The market for fiction is also so saturated with stories and ambitious voices and so dismally funded, that having no recognizable bylines or any dependable connections means it's hard to stand out in the submission pile. I've chipped away at these shortcomings in various ways over the year. But I begrudgingly admit that it's not something you can build over night. I worry sometimes that I've spent too much of my career high on the fumes of the tech industry's speed and immediate gratification.

At the end of the day, I am writing these stories primarily for the joy of creating. I am a writer and a novelist, though I may never have the ISBNs to prove it. As Allen Ginsberg would say, "All these books are published in heaven." Still a comforting thought for those of us who toil away in obscurity.

Despite the length and depth of the previous section on India, one thing I have learned this past year is that living outside your home country and culture helps give you the perspective necessary to scrutinize it. With both my manuscripts, but particularly my second one, I've felt the space to breathe, analyze, and diagnose things about my American setting and characters which had previously eluded me. Maybe it's perspective, or maybe it's the unique luxury of time and focus that present circumstances have allowed.

Finally, and hopefully succinctly because writing about writing too often becomes an ouroboric subject, self-sustaining and infinite, when I was working a full time job the most difficult thing about writing fiction was finding the time in between all of the life that was constantly happening. Now that I have time, on the other hand, I find that the most difficult thing is the immense loneliness and self-doubt that are inherent in large uncertain projects. I'm inventing people, worlds, and situations that may never amount to more than a little lie I've scribbled down for my own entertainment.

At the end of the day, I can't deny that this past year has been an incredible gift. I don't take it for granted by any means. I know that many writers have achieved far more with far less than this.
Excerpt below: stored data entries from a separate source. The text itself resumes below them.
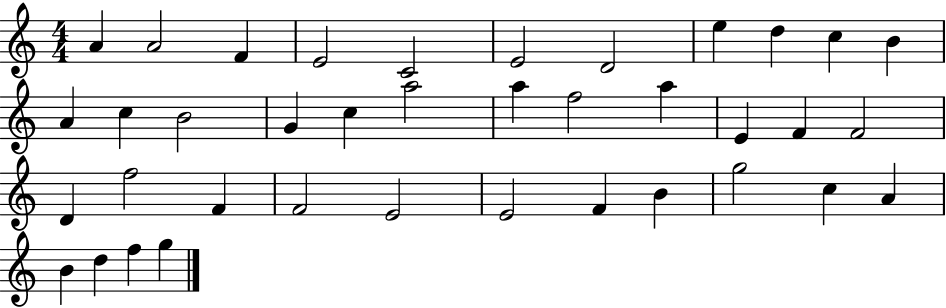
X:1
T:Untitled
M:4/4
L:1/4
K:C
A A2 F E2 C2 E2 D2 e d c B A c B2 G c a2 a f2 a E F F2 D f2 F F2 E2 E2 F B g2 c A B d f g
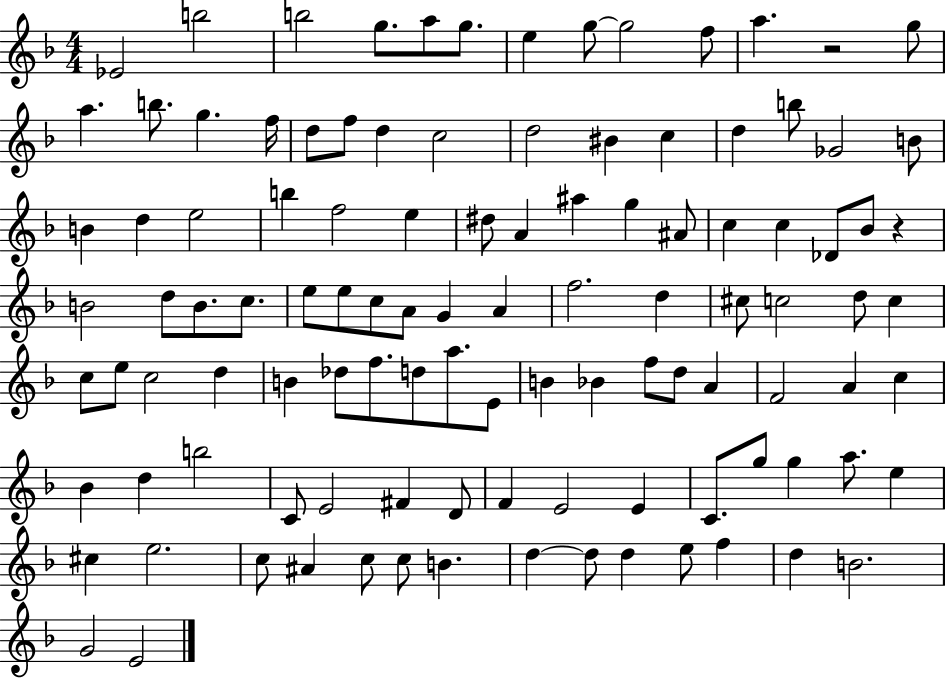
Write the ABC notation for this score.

X:1
T:Untitled
M:4/4
L:1/4
K:F
_E2 b2 b2 g/2 a/2 g/2 e g/2 g2 f/2 a z2 g/2 a b/2 g f/4 d/2 f/2 d c2 d2 ^B c d b/2 _G2 B/2 B d e2 b f2 e ^d/2 A ^a g ^A/2 c c _D/2 _B/2 z B2 d/2 B/2 c/2 e/2 e/2 c/2 A/2 G A f2 d ^c/2 c2 d/2 c c/2 e/2 c2 d B _d/2 f/2 d/2 a/2 E/2 B _B f/2 d/2 A F2 A c _B d b2 C/2 E2 ^F D/2 F E2 E C/2 g/2 g a/2 e ^c e2 c/2 ^A c/2 c/2 B d d/2 d e/2 f d B2 G2 E2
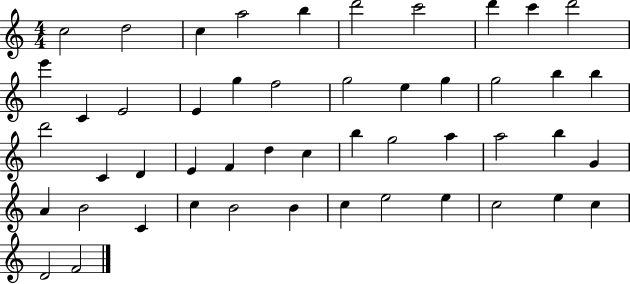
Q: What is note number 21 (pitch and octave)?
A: B5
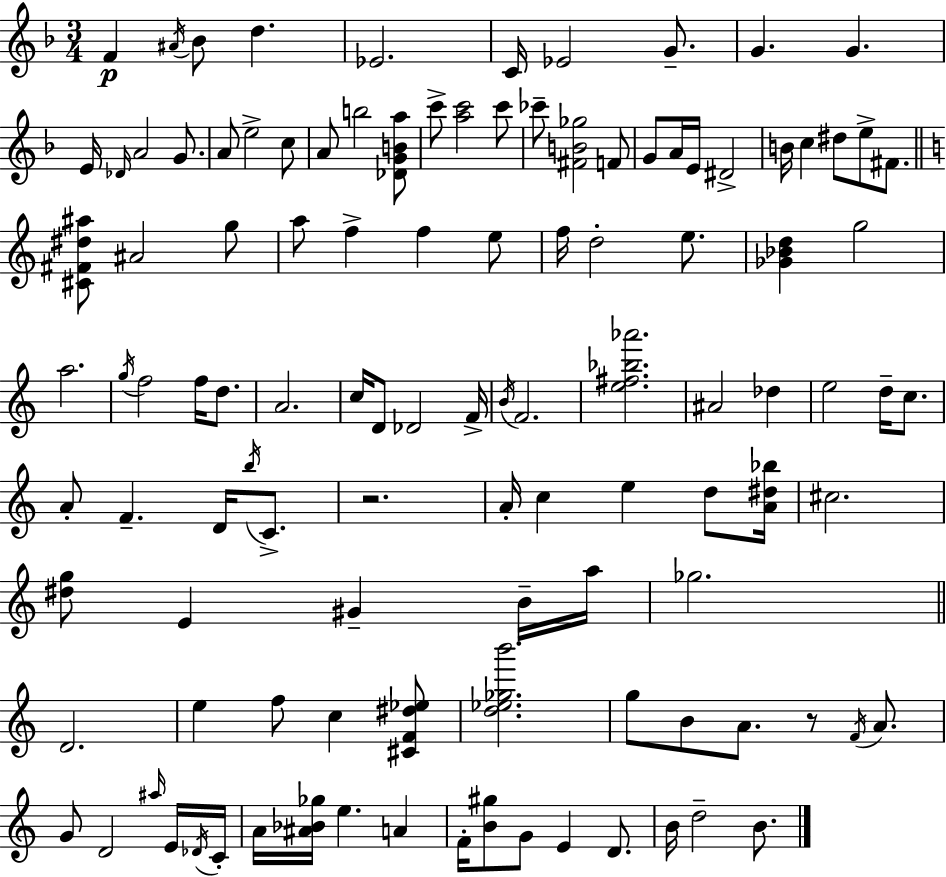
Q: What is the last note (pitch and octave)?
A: B4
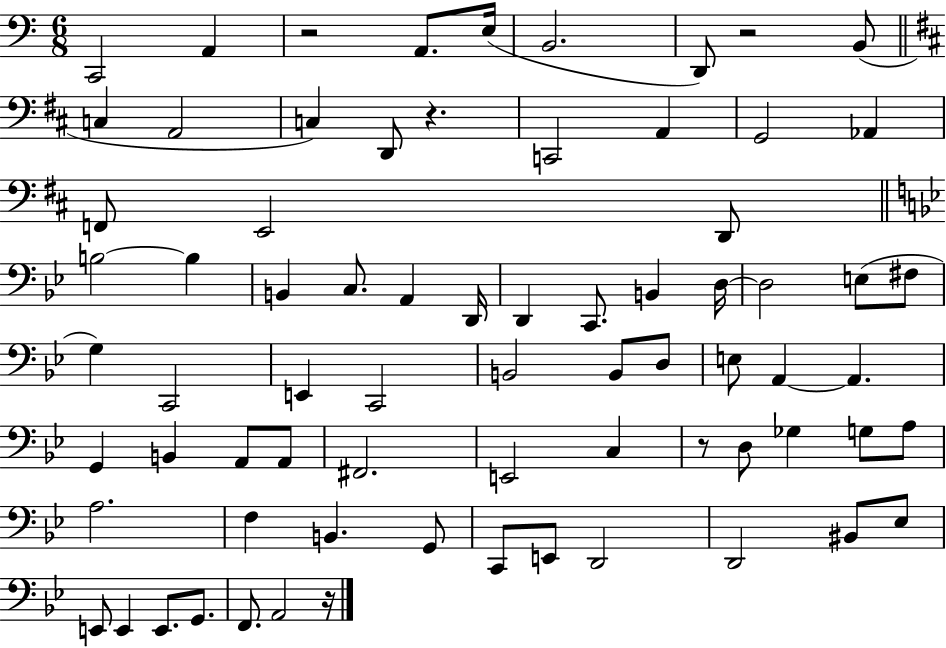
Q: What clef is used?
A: bass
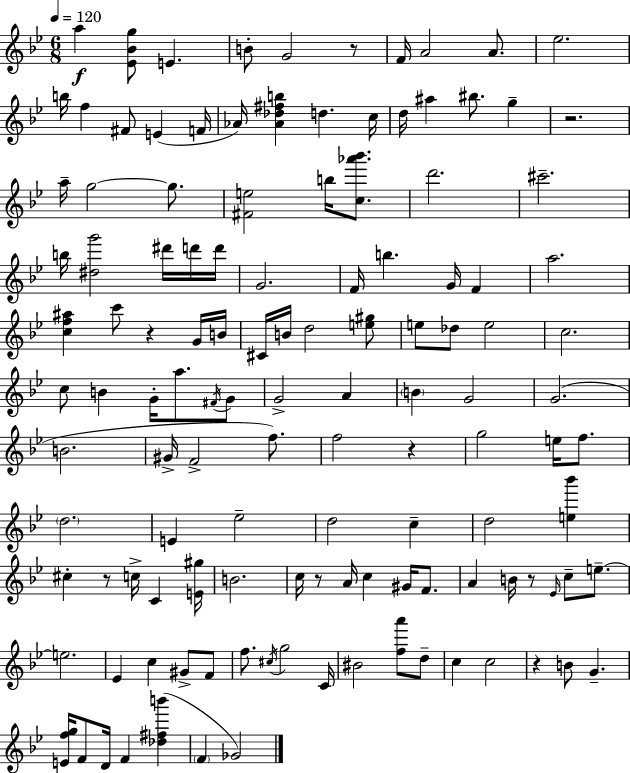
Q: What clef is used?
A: treble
At this point, I have a few final goals I'd like to finish up with my in progress fiction, but, barring any big breaks or unexpected query responses, in all likelihood I will be rejoining the more structured workforce in the next few months.

On the Horizon

When I first moved to DC way back in 2014, I told my girlfriend at the time that I would tolerate living there for maybe three years at most. I was convinced that Chicago had more and better things to offer. We proceeded to live in DC for a decade, adopt a dog, get married, and have a son. You could say that planning out the future is not necessarily a strong suit of mine.

But the Foreign Service is a massive socially organizing machine, and it proactively splits your life up into discrete, ready-made chunks. We've already been assigned our next post. So even though we still have fourteen more months left in Mumbai, I know that we'll be in Mexico City by Spring of 2027. I'm ambivalent about having a new, next place already in view. In some sense it dilutes the immediacy of our remaining time in India. Nurtures the temptation to ignore what's in front of us and to fantasize about what's to come. But I can say that I'm glad to know that we'll eventually be back in the Western Hemisphere and it won't be so hard to coordinate phone calls with family or plan visits back to the U.S.

Of course, the skeptic in me is constantly wary of any sort of certainty about the future. If you had asked me in 2008 or early 2024 where I would be in one year, my answers would have been laughably inaccurate.[3]

  1. I will never get over the fact that our Mumbai apartment has a garbage disposal. An object which I have only ever understood or experienced within the American context, and which my Polish in-laws still consider to be an insane and impractical appliance.

  2. I wrote more about this over in AQ-AĂŻe and Lost in the Haze.

  3. I won't even mention 2019, the most extreme example of this tendency.